A Meaningful Thanksgivukkah

On their surfaces, Hanukkah and Thanksgiving are simple holidays.  We see the themes of light breaking through the darkness, a few banding together to beat the elements, and the power of having faith in community.  We camp folk know that nothing is ever as simple as it seems.  So let’s look deeper into the three miracles of Hanukkah.  One miracle is that small group of zealots were able to beat the stronger forces and regain control of the Temple.  When they recaptured the Temple they found one small jar of oil for the menorah in the Temple.  The second miracle was that despite the fact that this small jar only had enough oil for one day it lasted for eight days.  This story about the miraculous Hanukkah oil has allowed us to look past focusing solely on the military victory.  This is important in that the war was not a black and white fight between the Jews and the Greeks.  Rather, it was a civil war between a small group of religious zealots and a larger group of their Hellenized Jewish brethren.  The third miracle of Hanukkah is that the story of the second miracle of the oil overshadows the first miracle of a civil war.

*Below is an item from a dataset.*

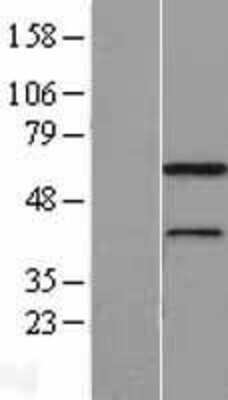 Western Blot: MNS1 Overexpression Lysate [NBL1-13166]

Now we turn our attention to Thanksgiving.  It is a day of giving thanks for the blessing of the harvest and the preceding year.  This is traced to a poorly documented 1621 celebration at Plymouth in present-day Massachusetts.  We retell the story of the first settlers to America who found salvation when they reached Plymouth Rock.

But is that the real story of Thanksgiving?  On October 3, 1863, President Abraham Lincoln proclaimed the national holiday of Thanksgiving. There we read:

In the midst of a civil war of unequaled magnitude and severity, which has sometimes seemed to foreign States to invite and to provoke their aggression, peace has been preserved with all nations, order has been maintained, the laws have been respected and obeyed, and harmony has prevailed everywhere except in the theatre of military conflict; while that theatre has been greatly contracted by the advancing armies and navies of the Union…It has seemed to me fit and proper that they should be solemnly, reverently, and gratefully acknowledged, as with one heart and one voice, by the whole American people. I do therefore invite my fellow-citizens in every part of the United States, and also those who are at sea and those who are sojourning in foreign lands, to set apart and observe the last Thursday of November next as a day of thanksgiving and praise to our beneficent Father who dwelleth in the heavens. 

Like the third miracle of Hanukkah, Thanksgiving is not really a story about the Pilgrims, but rather the constitution of a ritual of reconciliation post-civil war.  Both Hanukkah and Thanksgiving represent the recreation of national mythologies for the sake of mending the wounds of fighting between brothers.

We in camping appreciate the impact of a good story regardless of its true origins.  Camp in its essence is a self-made community built on rituals, traditions, and history that is created by its members and need not be based solely on fact.  It is here in this miraculous fabricated narrative that we create enduring memories of brotherhood.  So while the story might not be true, the community could not be any more real. I hope you have a very meaningful Thanksgivukkah.  Happy holidays.